Currently we do write coalescing in a very inefficient manner: one pass in
generic_writepages() in order to lock the pages for writing, then one pass
in nfs_flush_mapping() and/or nfs_sync_mapping_wait() in order to gather
the locked pages for coalescing into RPC requests of size "wsize".

In fact, it turns out there is actually a deadlock possible here since we
only start I/O on the second pass. If the user signals the process while
we're in nfs_sync_mapping_wait(), for instance, then we may exit before
starting I/O on all the requests that have been queued up.

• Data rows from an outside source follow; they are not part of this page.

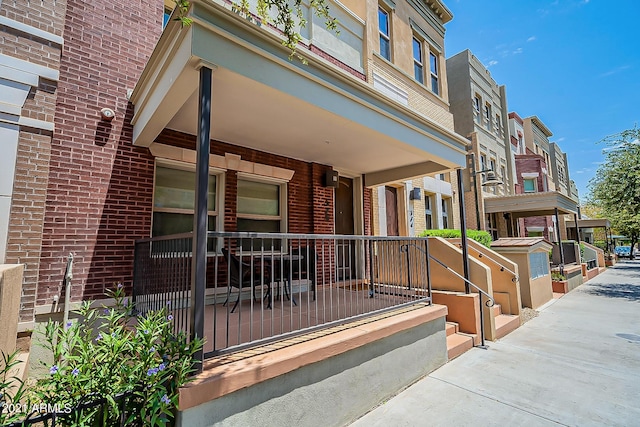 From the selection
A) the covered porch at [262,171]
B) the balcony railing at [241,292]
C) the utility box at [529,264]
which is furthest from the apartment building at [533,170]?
the balcony railing at [241,292]

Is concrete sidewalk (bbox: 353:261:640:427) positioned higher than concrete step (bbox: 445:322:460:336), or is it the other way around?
concrete step (bbox: 445:322:460:336)

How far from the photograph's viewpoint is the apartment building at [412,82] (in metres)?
8.26

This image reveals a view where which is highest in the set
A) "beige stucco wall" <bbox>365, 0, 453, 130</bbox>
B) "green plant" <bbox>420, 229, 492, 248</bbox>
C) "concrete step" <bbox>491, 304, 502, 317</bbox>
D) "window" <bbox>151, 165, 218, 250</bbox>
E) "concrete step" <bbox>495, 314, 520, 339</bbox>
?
"beige stucco wall" <bbox>365, 0, 453, 130</bbox>

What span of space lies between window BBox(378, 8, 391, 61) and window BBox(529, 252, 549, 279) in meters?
7.00

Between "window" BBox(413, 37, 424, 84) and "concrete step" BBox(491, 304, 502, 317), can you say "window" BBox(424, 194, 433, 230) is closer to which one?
"concrete step" BBox(491, 304, 502, 317)

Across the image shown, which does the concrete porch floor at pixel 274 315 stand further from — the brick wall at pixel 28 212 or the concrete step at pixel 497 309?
the concrete step at pixel 497 309

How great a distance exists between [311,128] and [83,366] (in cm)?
383

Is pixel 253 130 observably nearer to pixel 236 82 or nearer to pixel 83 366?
pixel 236 82

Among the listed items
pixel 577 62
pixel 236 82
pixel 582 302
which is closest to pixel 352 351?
pixel 236 82

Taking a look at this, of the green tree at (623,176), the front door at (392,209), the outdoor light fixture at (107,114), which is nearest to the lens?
the outdoor light fixture at (107,114)

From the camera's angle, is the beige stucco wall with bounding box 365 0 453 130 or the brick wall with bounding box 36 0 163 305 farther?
the beige stucco wall with bounding box 365 0 453 130

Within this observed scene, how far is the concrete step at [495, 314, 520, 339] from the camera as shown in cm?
595

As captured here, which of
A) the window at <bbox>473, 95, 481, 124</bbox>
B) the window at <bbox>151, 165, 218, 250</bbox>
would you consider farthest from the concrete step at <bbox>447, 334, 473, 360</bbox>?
the window at <bbox>473, 95, 481, 124</bbox>

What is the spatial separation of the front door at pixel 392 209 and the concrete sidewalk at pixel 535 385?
12.3 feet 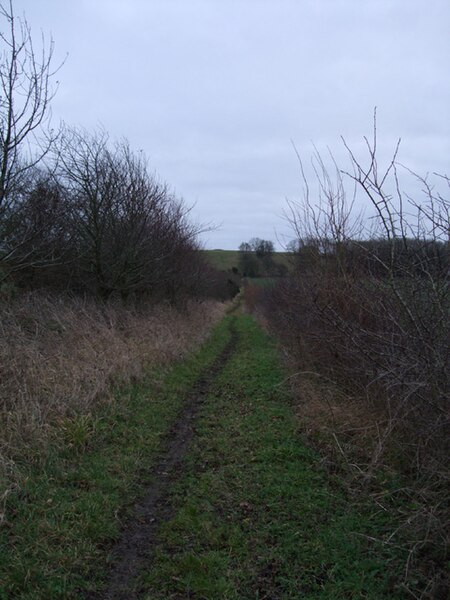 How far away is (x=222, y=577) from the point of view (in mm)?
3740

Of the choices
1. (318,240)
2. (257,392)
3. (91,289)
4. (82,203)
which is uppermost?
(82,203)

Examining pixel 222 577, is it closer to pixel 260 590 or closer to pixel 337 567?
pixel 260 590

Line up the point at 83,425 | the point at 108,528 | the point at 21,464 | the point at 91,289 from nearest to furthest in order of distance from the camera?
the point at 108,528
the point at 21,464
the point at 83,425
the point at 91,289

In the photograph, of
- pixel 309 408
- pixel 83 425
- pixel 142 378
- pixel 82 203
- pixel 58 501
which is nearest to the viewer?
pixel 58 501

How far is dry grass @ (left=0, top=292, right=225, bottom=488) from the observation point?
599 cm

Signed-off-by: Trond Myklebust <Trond.Myklebust@netapp.com>
diff --git a/fs/nfs/write.c b/fs/nfs/write.c
index b674996..6ce2d94 100644
--- a/fs/nfs/write.c
+++ b/fs/nfs/write.c
@@ -38,7 +38,8 @@
 static struct nfs_page * nfs_update_request(struct nfs_open_context*,
 					    struct page *,
 					    unsigned int, unsigned int);
-static long nfs_flush_mapping(struct address_space *mapping, struct writeback_control *wbc, int how);
+static void nfs_pageio_init_write(struct nfs_pageio_descriptor *desc,
+				  struct inode *inode, int ioflags);
 static const struct rpc_call_ops nfs_write_partial_ops;
 static const struct rpc_call_ops nfs_write_full_ops;
 static const struct rpc_call_ops nfs_commit_ops;
@@ -201,7 +202,7 @@
 static int wb_priority(struct writeback_control *wbc)
 {
 	if (wbc->for_reclaim)
-		return FLUSH_HIGHPRI;
+		return FLUSH_HIGHPRI | FLUSH_STABLE;
 	if (wbc->for_kupdate)
 		return FLUSH_LOWPRI;
 	return 0;
@@ -251,7 +252,8 @@
  * was not tagged.
  * May also return an error if the user signalled nfs_wait_on_request().
  */
-static int nfs_page_mark_flush(struct page *page)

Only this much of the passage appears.